Fig and Almond Brioche Loaf

Posted by Gill Bland Friday, 5th July 2013

Fig -brioche -1

This month's recipe is inspired by ingredients that found their way to me by two particularly nice methods. Firstly the fig filling is from the same recipe as an almond and fig cake: which are available at cheese counters in delicatessens. The recipe was sent to me by my 'Foodie Penpal' for the month...


'Foodie Penpals' is a free internet-based initiative that pairs up food lovers around the world. Each month you send a box of goodies (worth around £10 incl. postage) to someone and you receive a box from someone else. Usually there will be a letter in the parcel telling you a bit about the items and the person who sent them. It's lovely waiting for the box to arrive every month, discovering new things and 'meeting' new people as a result. It's also a fun excuse to buy interesting local items to send onwards. Imagine one of those round robin letters, only more tasty.


There is a mature Caerphilly cheese that you can see in the picture, which I made the brioche to compliment, it was a gift from some friends visiting from Cardiff. They have an excellent deli just near them in Pontyclun and were kind enough to share some of its Welsh bounty with us.

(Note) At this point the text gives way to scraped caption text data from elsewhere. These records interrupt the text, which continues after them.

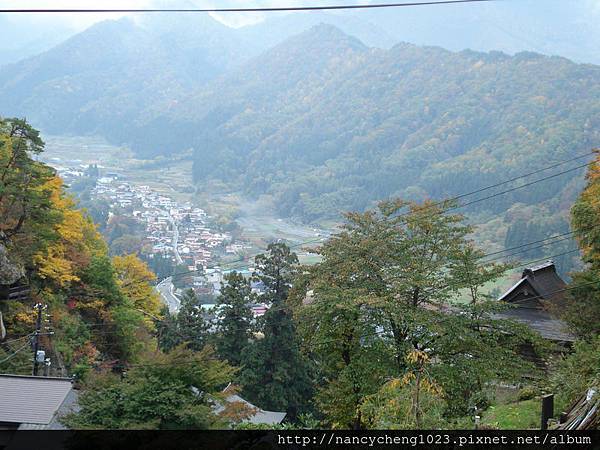 DSC00281由山寺俯看城下景色,爬那麼多階梯是值得的,但天公不作美,是灰濛濛的陰天~嗚.JPG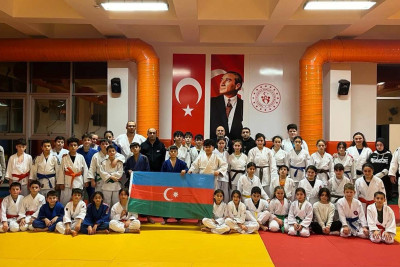 İdman məktəbinin yetirmələri beynəlxalq turnirdə uğur qazanıblar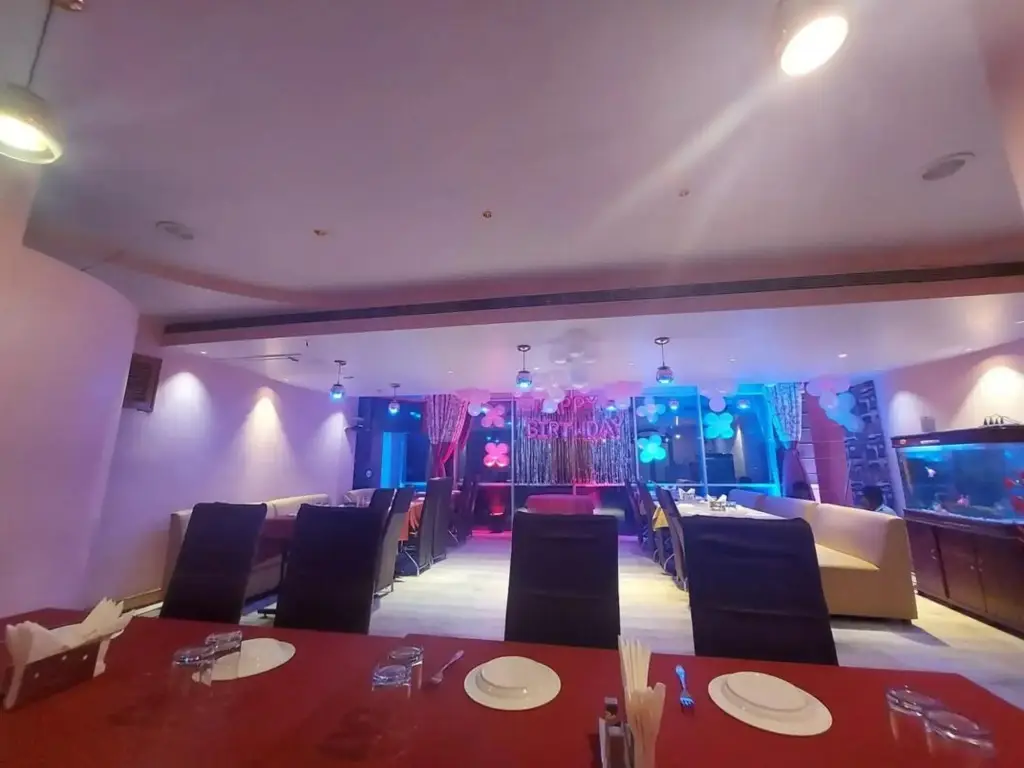 Канпур: Hotel Celebration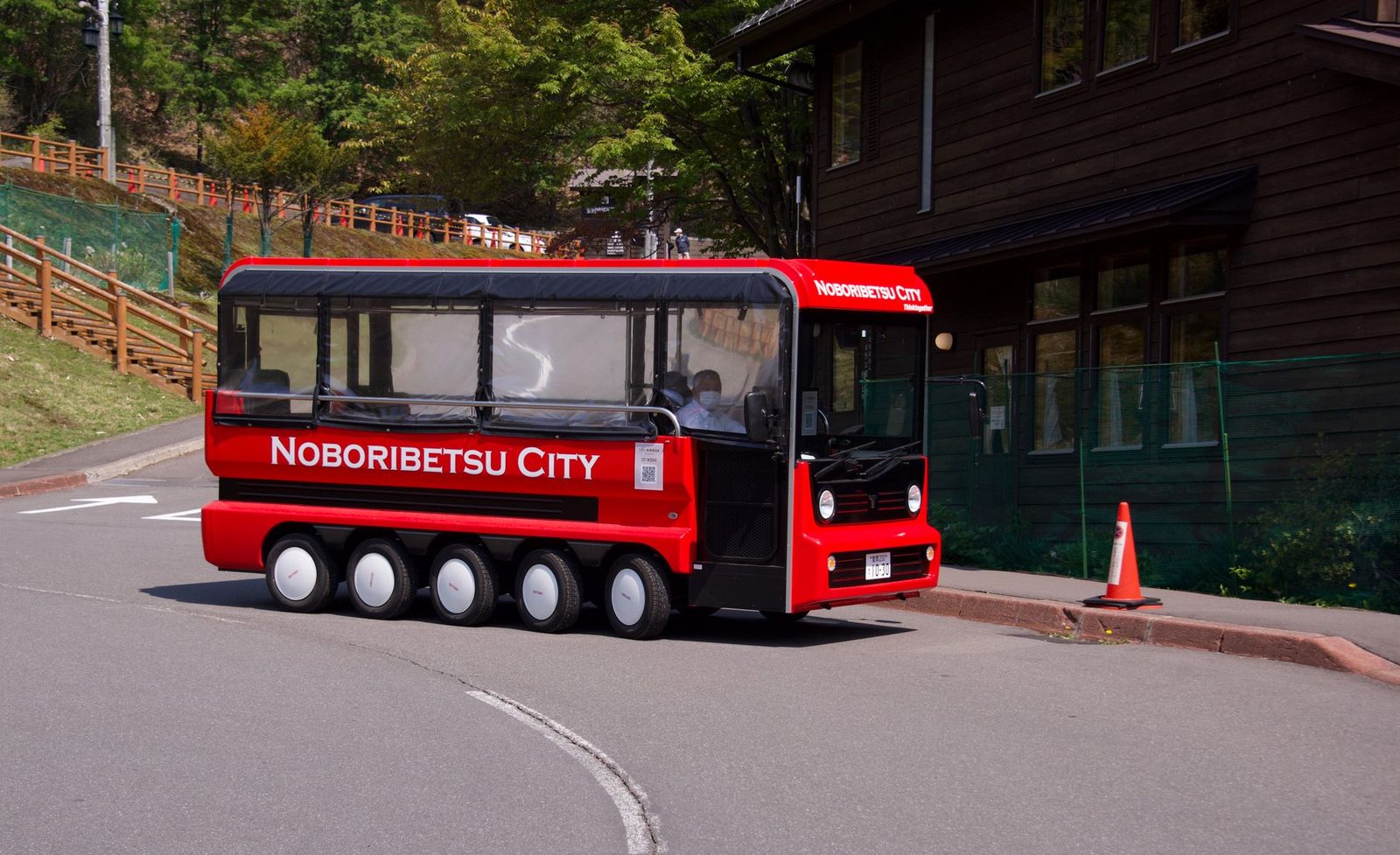 Winterliche Busreisen in Japans Schneeregionen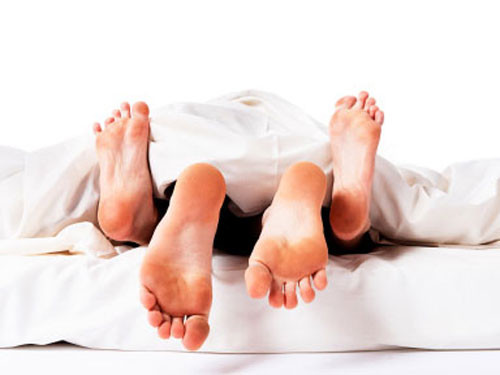 Quan hệ tình dục: Trong một khảo sát, 46% người bị đau đầu cho biết quan hệ tình dục là tác nhân gây ra chứng này. Thông thường, những người hay bị đau đầu do cố gắng quá sức cũng gặp vấn đề này. Bệnh nhân có thể cảm thấy đau đầu âm ỉ trong màn dạo đầu hoặc bị đau nhói khi đạt cực khoái (tình trạng này thường xảy ra ở đàn ông).Trong một số trường hợp hiếm gặp, chứng đau đầu dữ dội có thể xảy ra do bệnh nhân bị u hoặc phình mạch. Tuy nhiên, với đa số mọi người, đau đầu khi đang "yêu" là vô hại. Quan hệ tình dục: Trong một khảo sát, 46% người bị đau đầu cho biết quan hệ tình dục là tác nhân gây ra chứng này. Thông thường, những người hay bị đau đầu do cố gắng quá sức cũng gặp vấn đề này. Bệnh nhân có thể cảm thấy đau đầu âm ỉ trong màn dạo đầu hoặc bị đau nhói khi đạt cực khoái (tình trạng này thường xảy ra ở đàn ông).Trong một số trường hợp hiếm gặp, chứng đau đầu dữ dội có thể xảy ra do bệnh nhân bị u hoặc phình mạch. Tuy nhiên, với đa số mọi người, đau đầu khi đang "yêu" là vô hại.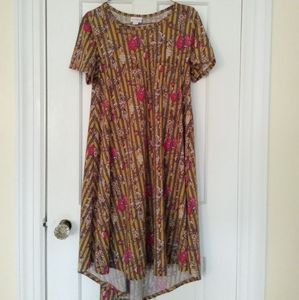 Short-sleeved knee-length dress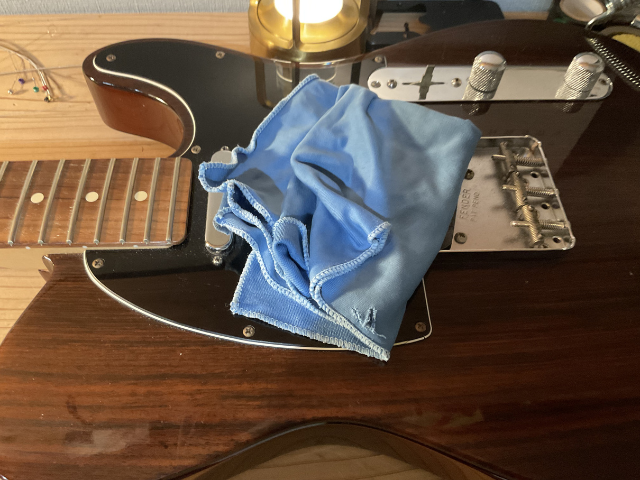 ギター水拭き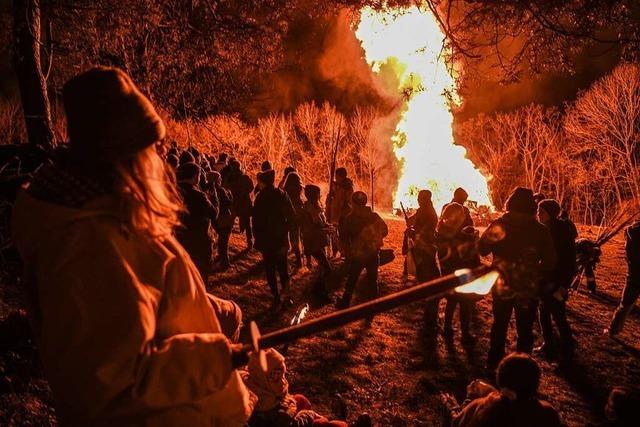 Fasnachtsfeuer sind in Lrrach ein Spa, der mit Vorsicht genossen wird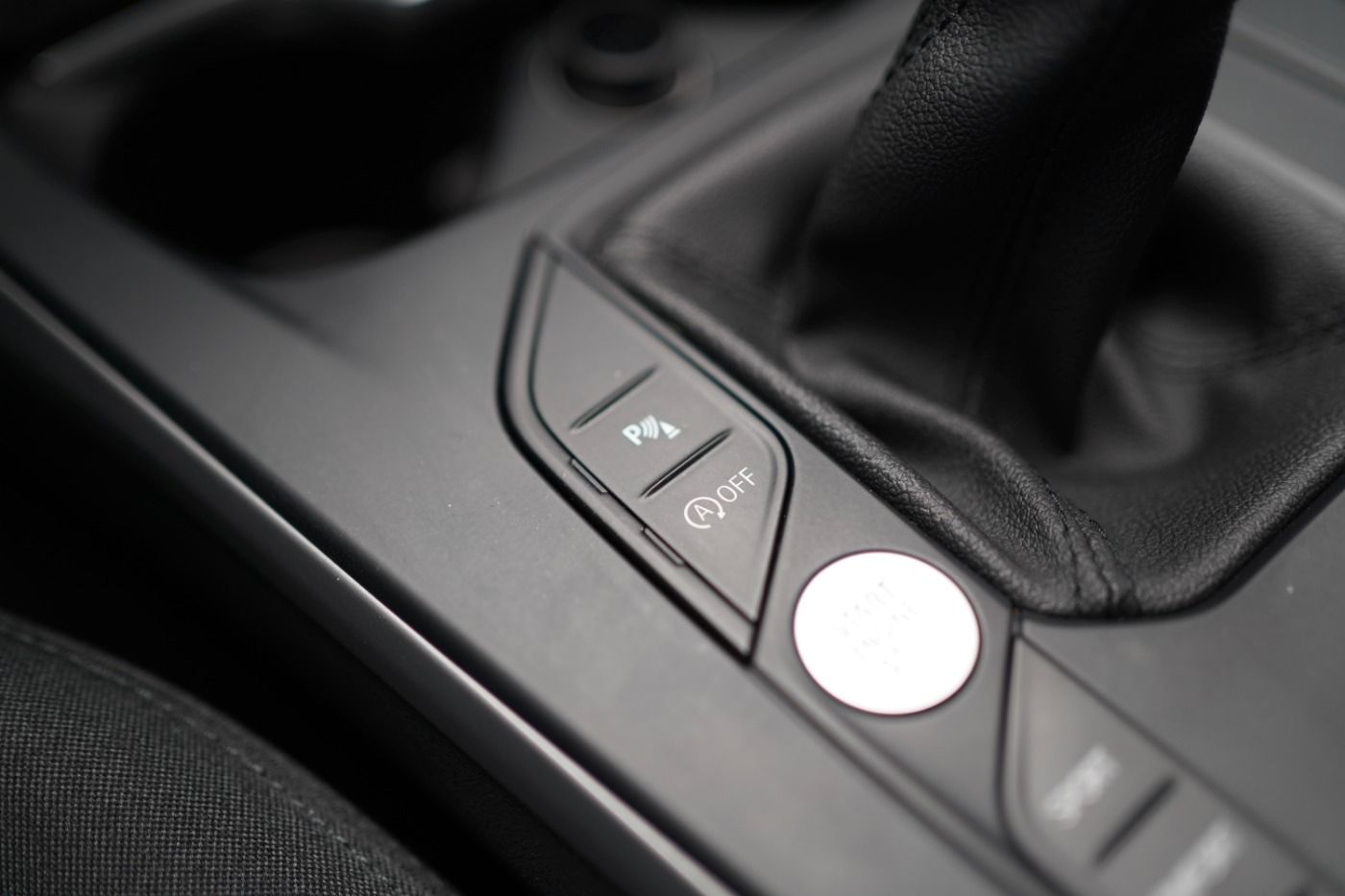 Fahrzeugabbildung BMW 118i Advantage +LED+Rückfahrkamera+KlimaA+Navi+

The tang of the Caerphilly and its slight musky undertones work well against the sweet fig and buttery dough. This would make for a particularly interesting and celebratory picnic offering. However, you could just as easily eat this brioche toasted for breakfast or make it into a pudding.


If you want to see what I receive and what I send each month for Foodie Penpals, or perhaps you'd like to know how to make tennis ball cake-pops to celebrate Wimbledon, it's all over at Tales of Pigling Bland.


Fig and Almond Brioche Loaf

Fig -and -broiche -loaf -2



  • 1x 7g sachet of fast action dried yeast
  • 2 tbsp warm water
  • 225g "00" flour or strong white flour
  • ½ tsp salt
  • 1 tbsp sugar
  • 20g butter
  • 3 eggs, beaten
  • 110g dried figs or a compacted fig cake from the cheese counter
  • Large handful of flaked almonds, toasted
  • 1 egg, beaten


  1. Put the flour into a large, preferably cold bowl.
  2. Add the yeast to one side and the salt, sugar, butter and eggs to the other and mix together. It'll be very sticky - don't panic.
  3. Knead using the dough hook on your electric mixer or hand mixer for about 5 minutes until smooth and silky. You can do this by hand if you don't have a dough hook, but it stops the mixture getting too warm and makes it much easier to work with.
  4. Leave to rise in the bowl and cover with a damp tea towel.
  5. After 1-1 ½ hours it should have doubled in size.
  6. Knock it back (this will be very easy) and place the dough into a greased loaf tin.
  7. Press pieces of dried fig, or slices of the fig cake into the dough.
  8. Leave to rise for another hour.
  9. Bake for about 10 minutes until it is going golden, BUT just before the end of the baking time, take it out, quickly brush with beaten egg, sprinkle with the toasted almonds and a little caster sugar and then pop it back in to finish off for a couple more minutes.